Caller:  Thanks for taking my call.  My question is, sometimes I have a hard time determining where to draw the line on taking action.  In other words, I know Jesus, at one point, is talking about turning the other cheek and giving the shirt and walking the extra mile.  On the other hand, He got a little angry in the Temple and started, you know, showing it.  He was displeased with what was going on in God's House.
Caller:  And I wonder things like, everything from if someone asks you for money and you think they're going to spend it on something that they shouldn't be spending it on or either to something on the other end of the spectrum, like should we have even fought World War II?  I mean, was it evil to fight?  Of course we had to fight, because these people might just take over the world.  Sometimes I have trouble trying to decide when to take action and not to take action.
Pastor Doug:  Now you've asked several good questions Mark.  Let me see if I can address a couple of those.  I struggled with those same issues until a Scholar explained to me that Jesus is talking about inter-personal relationships when He says 'turn the other cheek.'
Caller:  Yes.
Pastor Doug:  When He went into the Temple, He was acting against the government and against the religious institution for their bad behavior and making the Temple of God a marketplace.
Caller:  Yes.
Pastor Doug:  In our inter-personal relationships, we turn the other cheek.  A government cannot turn the other cheek when somebody kills or steals.  They can't just say, 'well we're going to let you go', because then you have anarchy and chaos and bedlam in society.  There must be punishment.
But as Christians dealing with each other, in our families and in our social relationships, retaliation just breeds vengeance.  Things get worse.  It's like Gandhi was coined saying one time, 'If the whole world lives by the parable of an eye for an eye, the soon the whole world is blind.'
When it comes to governments, the Lord laid down a different set of guidelines for governments in their relationships to each other and that's when you start to look at the civil laws that you find both in the New and the Old Testaments.  Christ was dealing with inter-personal relationships in Matthew 5 verse 39 when He said that.
Caller:  Ok well then a quick follow-up:  If you're in a situation and it's a corrupted situation, should you fight it?  I mean, of course, you should but I need cross talk.

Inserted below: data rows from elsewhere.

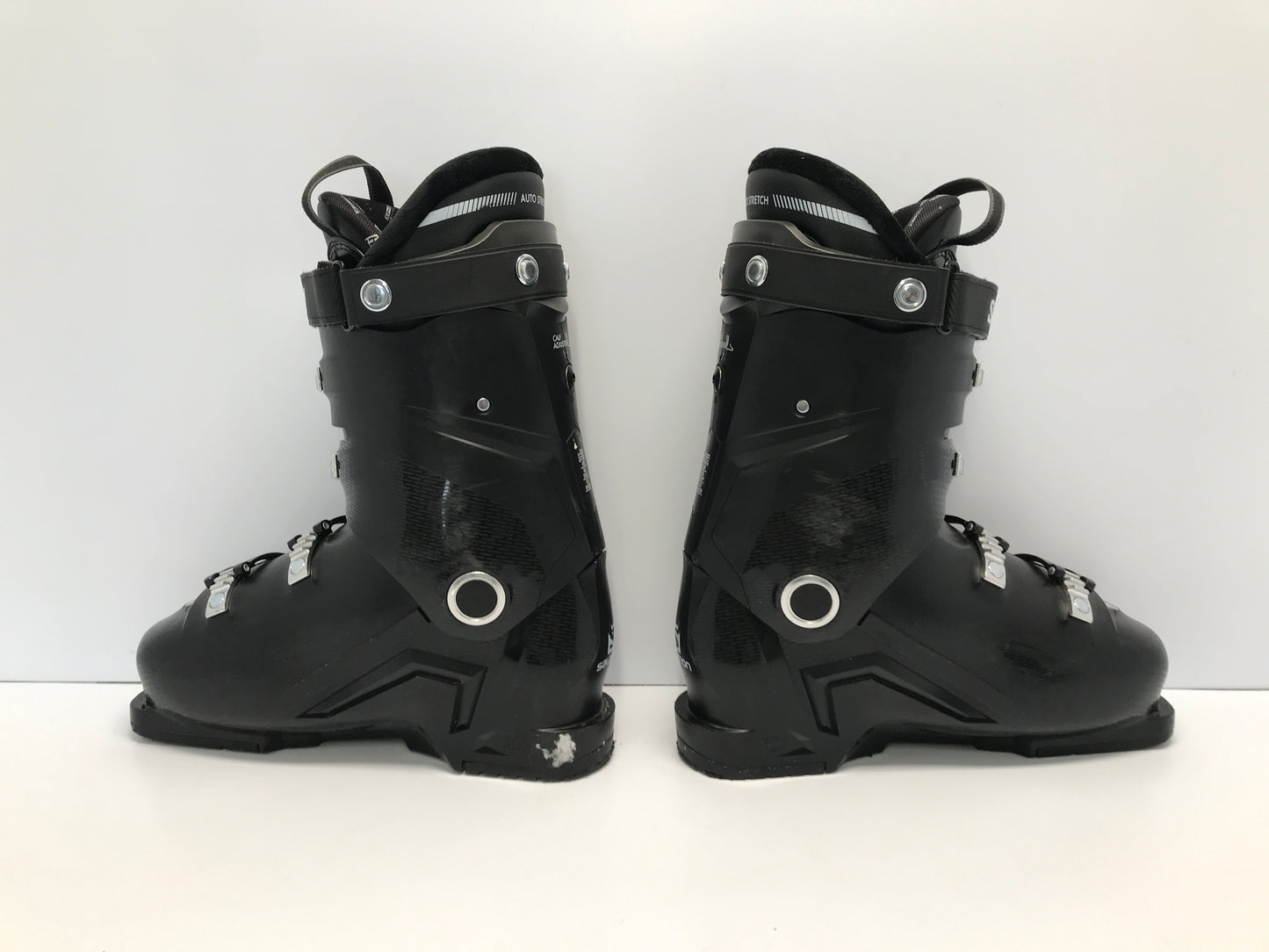 Ski Boots 26.5 Men's Size 8 Woman's 9 305 mm Salomon Easy Step in Calf Adjuster Black Excellent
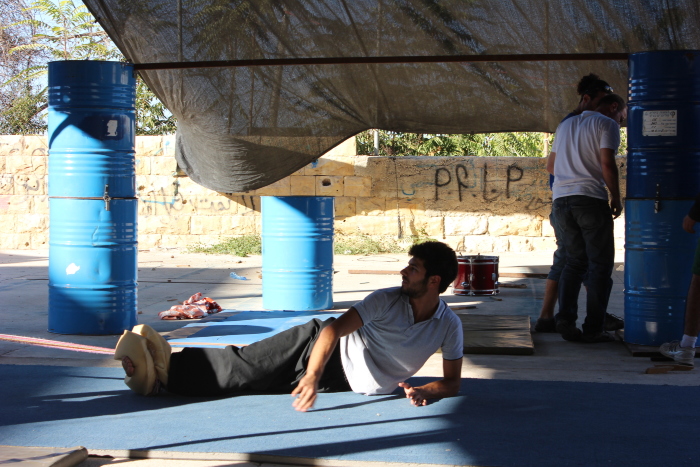 A Photograph from the Preparations PCS's Show, 'Kol Saber', 2012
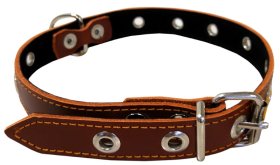 Antkaklis, su skylutėmis 2.3x52 cm, rudas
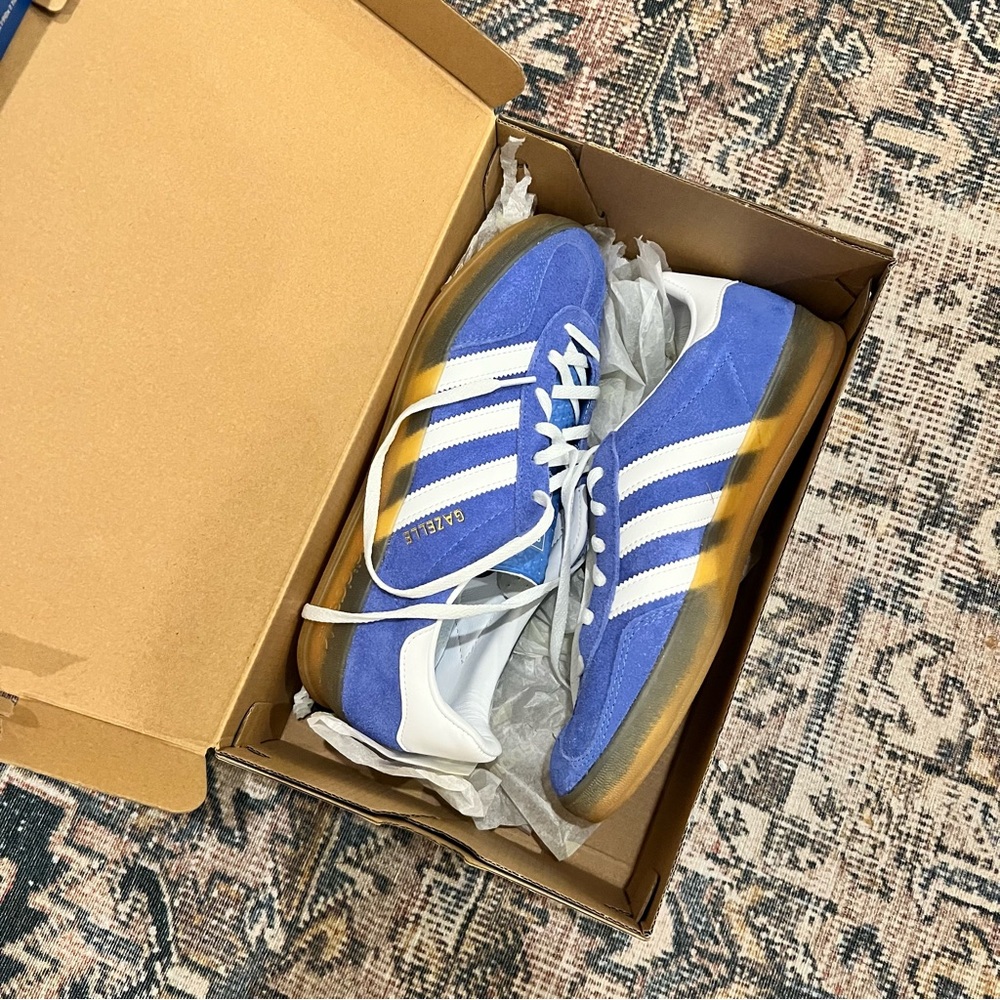 Blue Adidas Gazelle Indoor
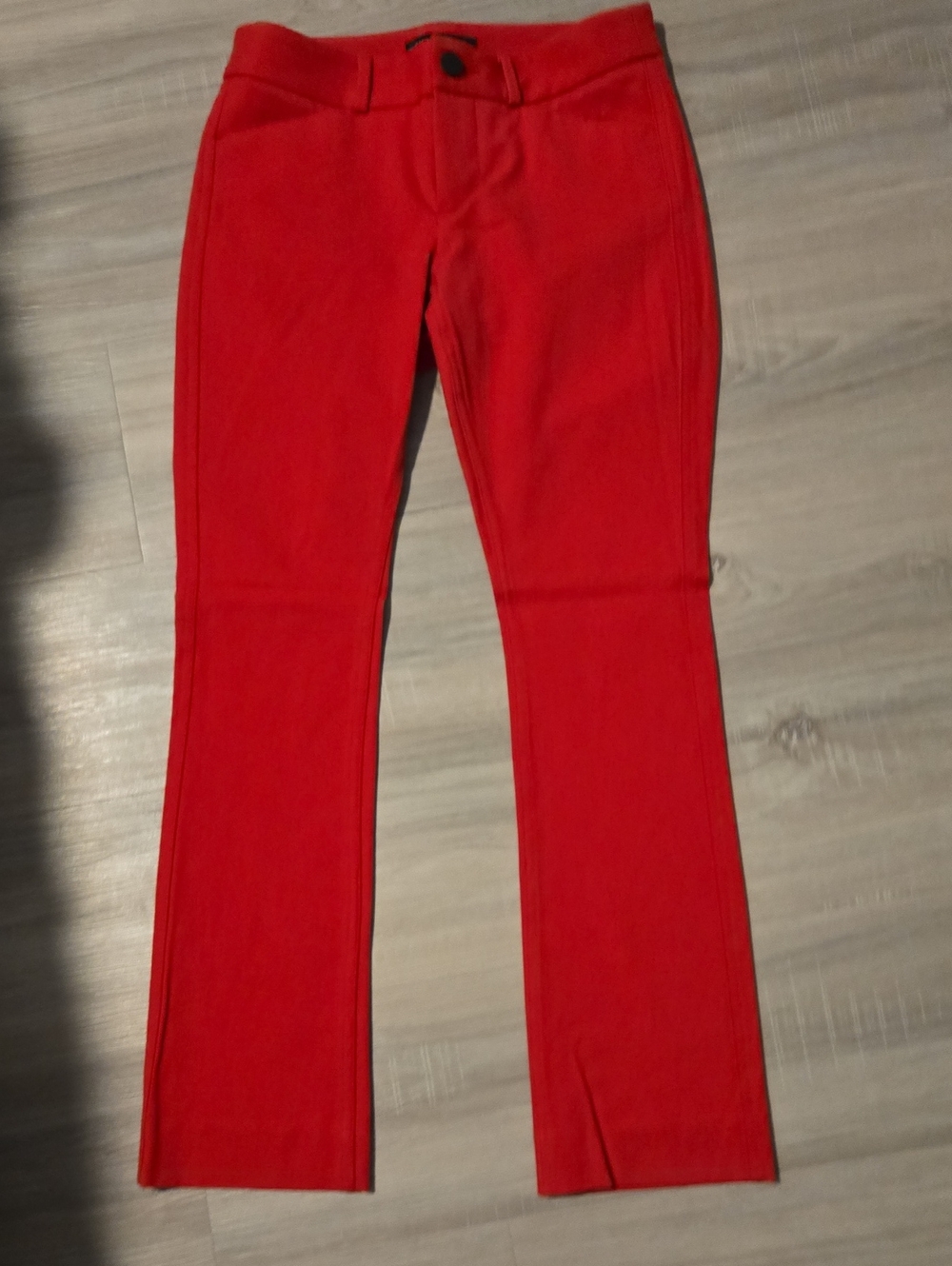 Banana Republic Red Stretch Bootcut Pants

Pastor Doug:  Well we don't fight, Paul says, the way the devil fights.  We have mighty armaments, but they're Spiritual.  Sometimes the way to fight is with kindness.  You overcome evil with good.  Never are we encouraged to overcome evil with evil.
Caller:  Right.
Pastor Doug:  And sometimes it is important for Christians to voice in a loving way their objections.  I think that there's a time where someone may be living a prodigal life and a Christian is doing them harm by supporting them.
Co-Host:  Yes.
Pastor Doug:  You know I often drive by people who are holding up signs saying, 'we'll work for food.'  And I used to be a street person.  I used to panhandle and live on the streets.  And I know that a lot of those people - their lives are all destroyed by drugs.  You don't want to encourage them in their prodigal lives, so I'm very discriminating before I give money to somebody to make sure it's really going to help them and not hurt them.
You asked that question also - how far do you go in helping a person if they're going to misuse what you're doing?  You have to pray for grace.
Caller:  Ok thank you very much.
Pastor Doug:  Ok thank you.  Good question.